Definition
The load-bearing components of an aircraft whose failure would result in catastrophic loss of the aircraft. These include items such as the wing spars, wing attach fittings, fuselage frame, and empennage attach points — parts that carry flight, ground, and pressurization loads.
Plain English
The critical parts of the aircraft that hold everything together and carry the main loads. If one of these parts fails, the aircraft cannot keep flying.
Context Anchor
Seen in composite construction discussions when the handbook explains where composite materials may be used on critical aircraft parts, such as wings, body sections, or tail parts.
Derivation
‘Primary’ comes from the Latin primarius, meaning ‘of the first rank’ or ‘most important.’ In engineering, primary structures are the most important load-carrying parts — the ones ranked first for safety significance.
Why Pilots Care
Damage or defects in primary structures directly affect airworthiness and can lead to in-flight failure.
Analogy
Primary structures are like the frame of a house.

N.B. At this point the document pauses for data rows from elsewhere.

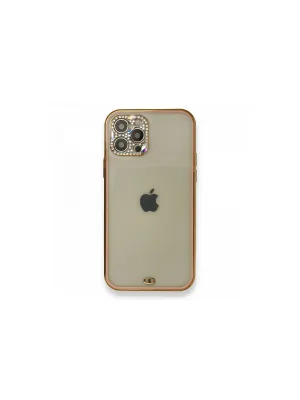 Apple İphone 12 Pro Kılıf Liva Taşlı Silikon - Pembe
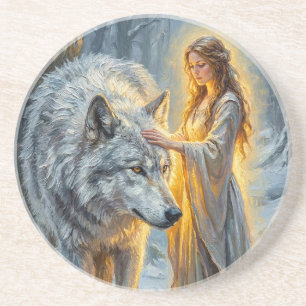 Dessous De Verre En Grès Déesse de l'hiver & Loup Blanc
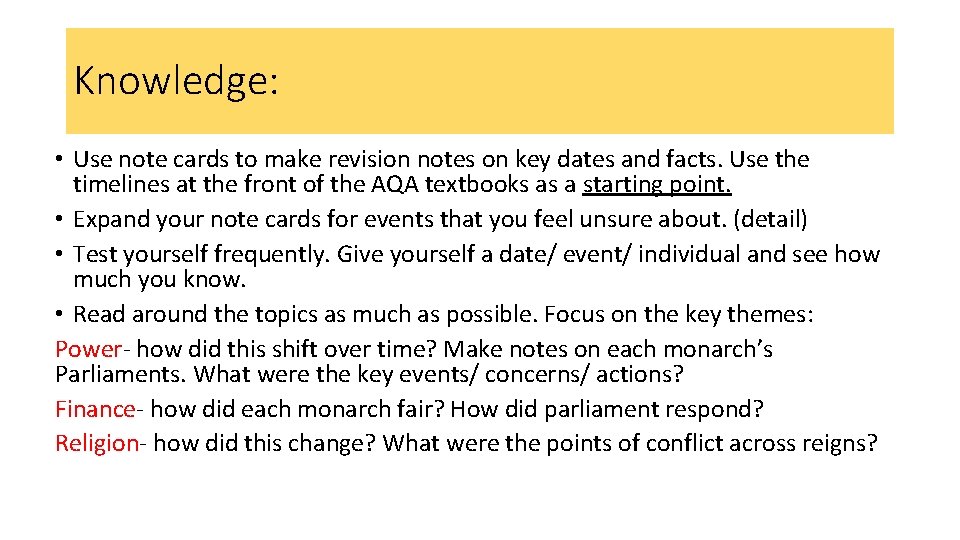 Knowledge: • Use note cards to make revision notes on key dates and facts. Knowledge: • Use note cards to make revision notes on key dates and facts.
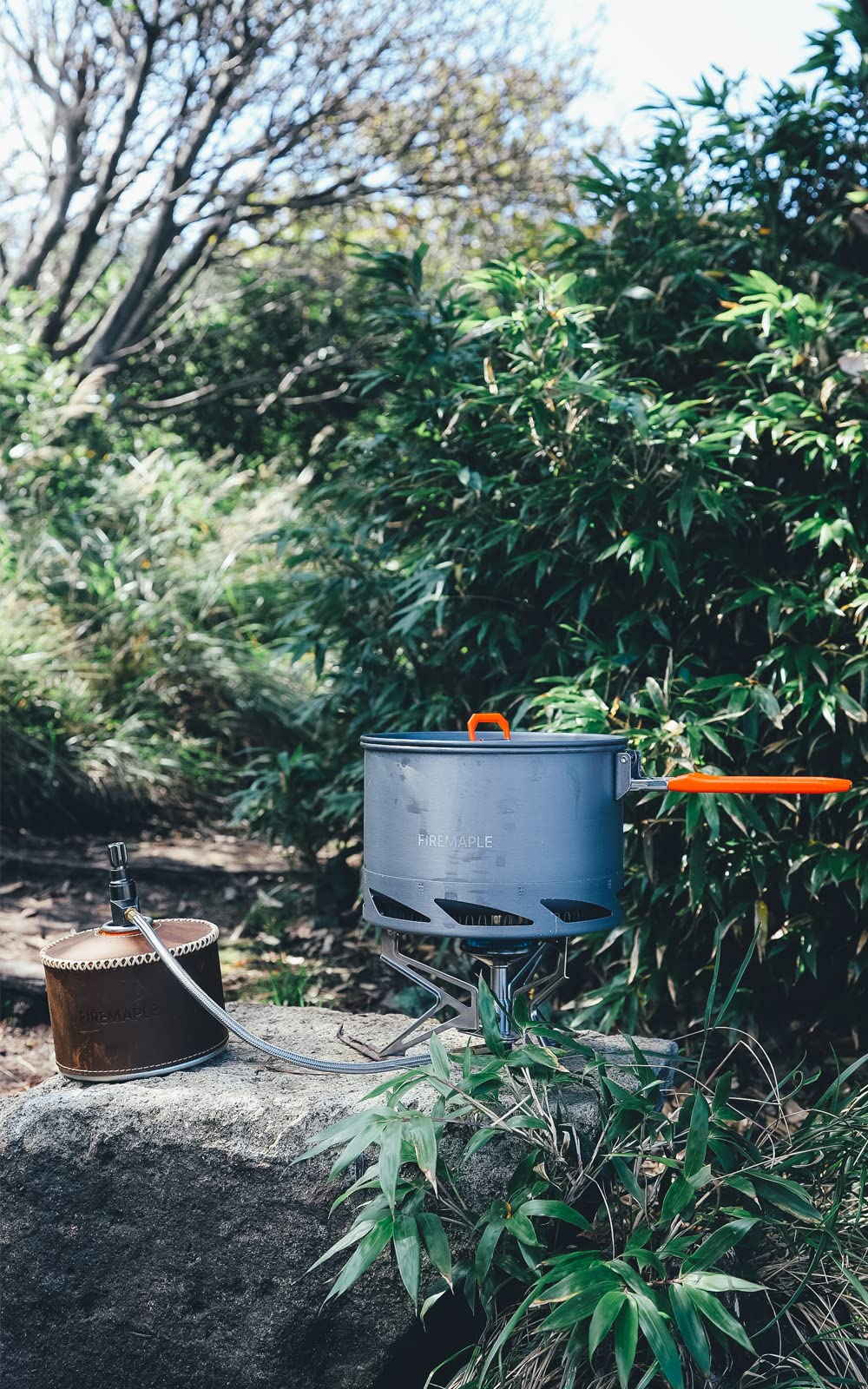 Fire-Maple Feast Heat Exchanger Set | Compact Camping Cooking Set | Nested Design | Contain With A Pot, Kettle And Non-Stick Fry
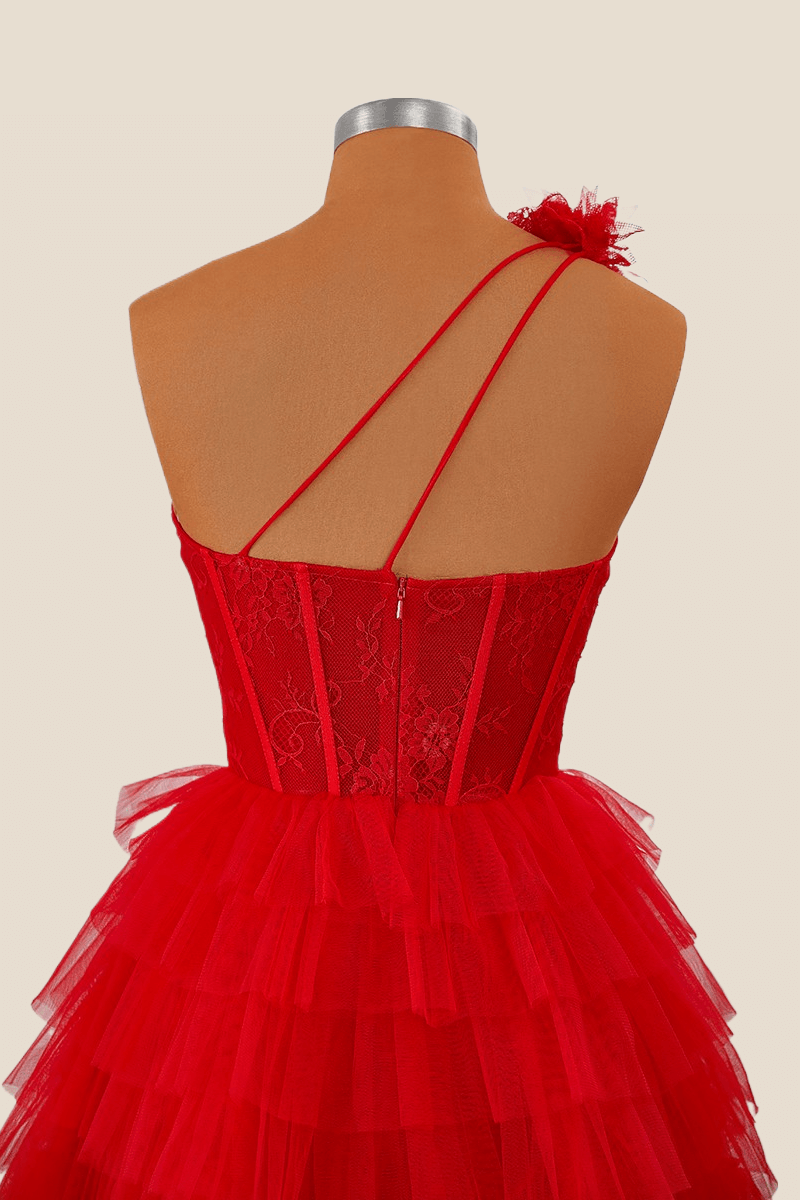 One Shoulder Red Lace and Tulle Short Homecoming Dress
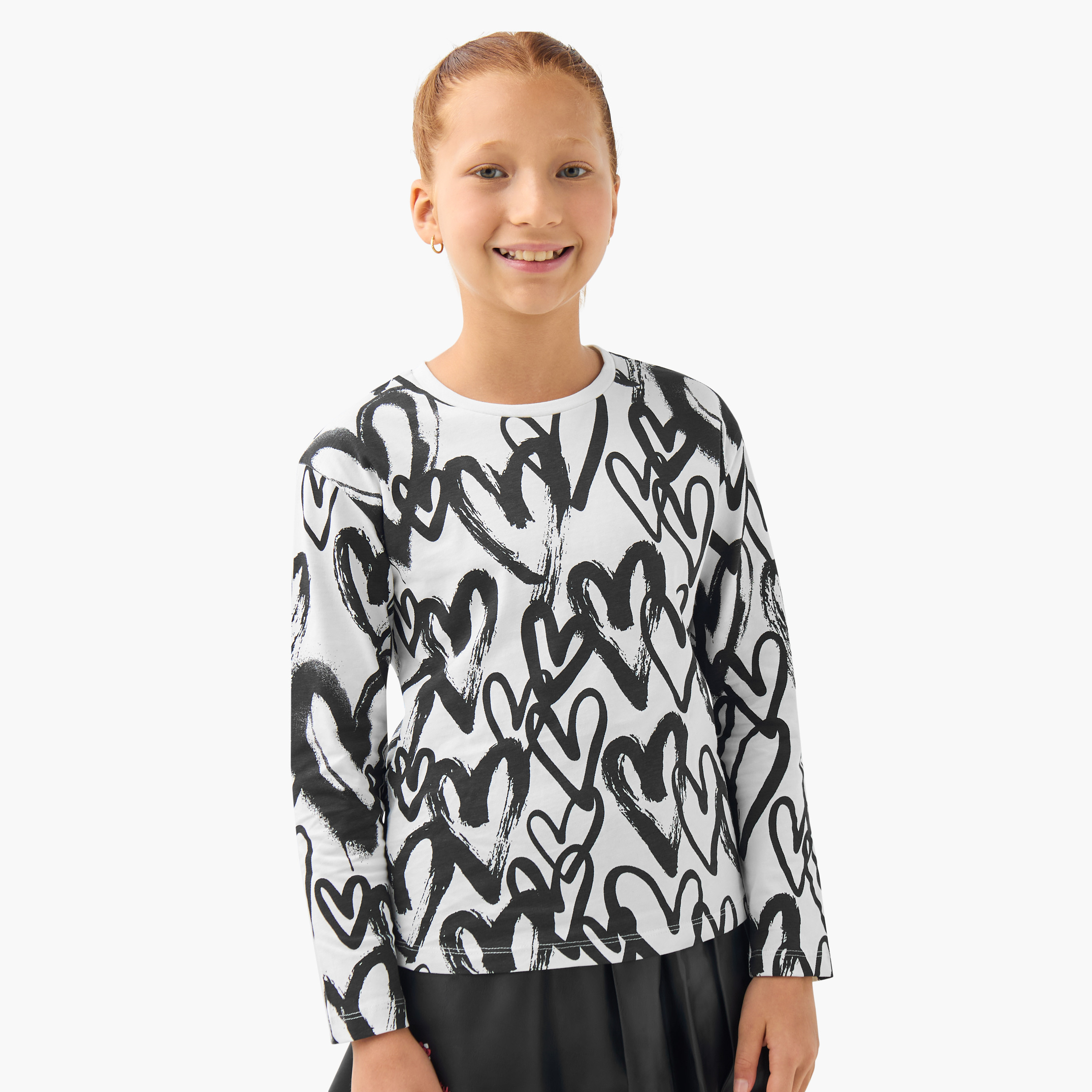 Juniors Girls Crew Neck T-shirt with Heart Print - Cotton - Long Sleeves-girls-clothing-tshirts-image-1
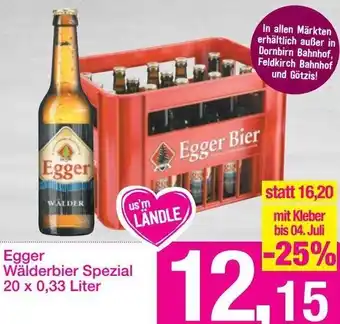 Sutterlüty Egger Wälderbier Spezial 20 x 0,33 Liter Angebot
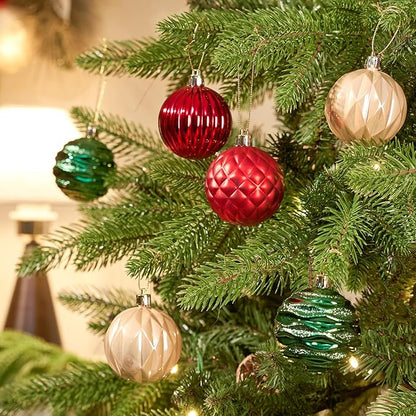 JORNOY Christmas Tree Ornaments - 2.36inch/60mm Shatterproof Ornaments for Christmas Tree Set Plastic Decorative Hanging Balls Ornaments for Xmas Tree Decorations, 40ct (Red & Green & Gold)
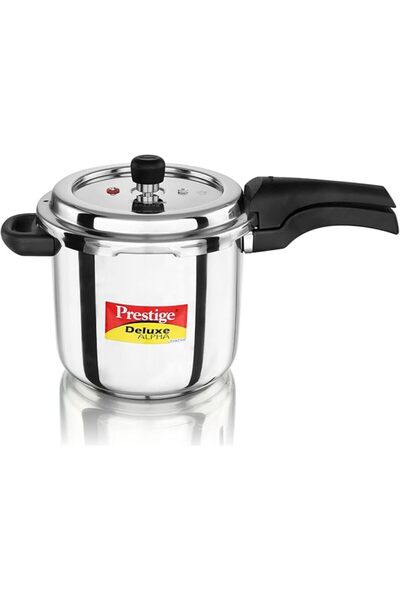 Prestige Deluxe Alpha Pressure Cooker - Stainless Steel - 5.5 Liter - Silver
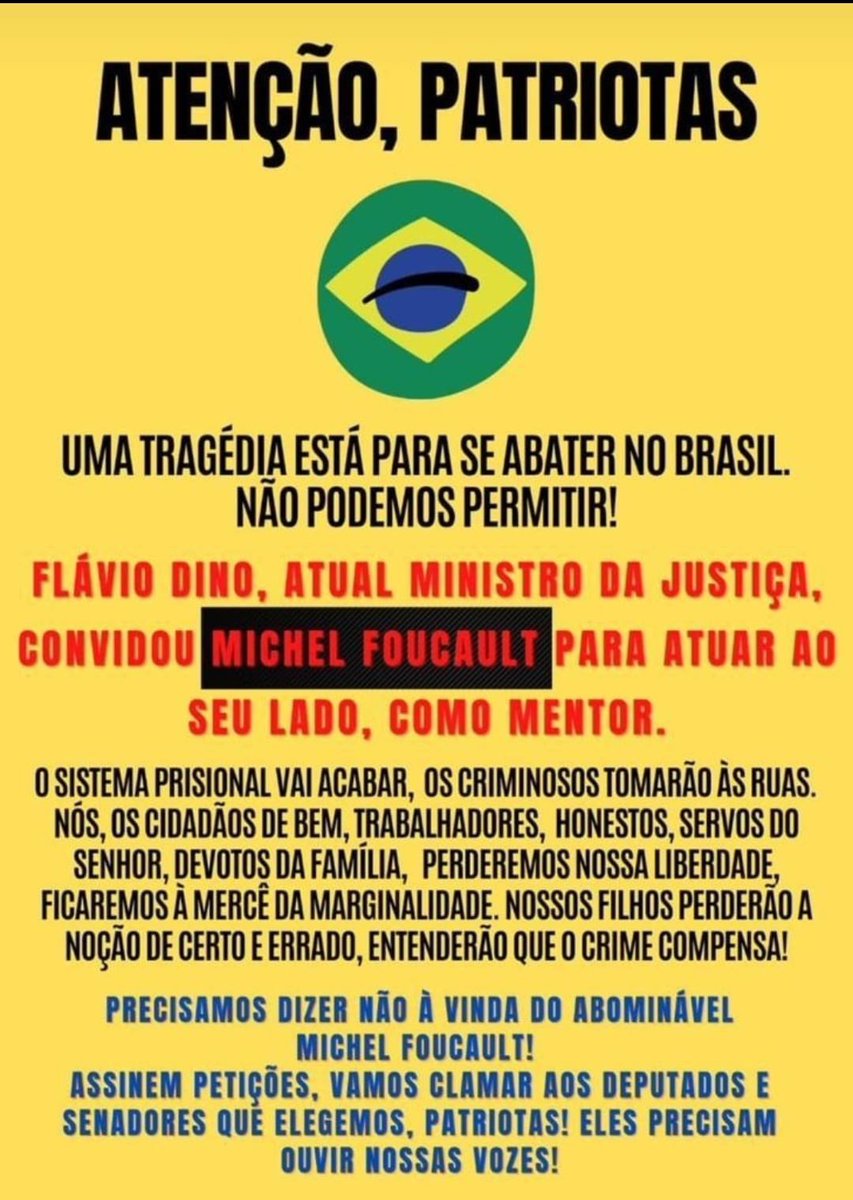 Venho a público esclarecer que não consigo ressuscitar pessoas e que, portanto, se cuida de uma mentira. Foucault faleceu em 1984.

Paint and trim matter, but if the frame fails, the whole building is in trouble.
Intuition Check
Do not read primary as “first in a list” or “basic.” In this context, primary means structurally critical: if it fails, safe flight or landing may be at risk.
Example Sentence 1
The mechanic flagged the cracked wing spar as primary structure damage, grounding the aircraft until a full repair could be completed.
Example Sentence 2
Composite layups are commonly used to build lighter yet strong primary structures in modern aircraft.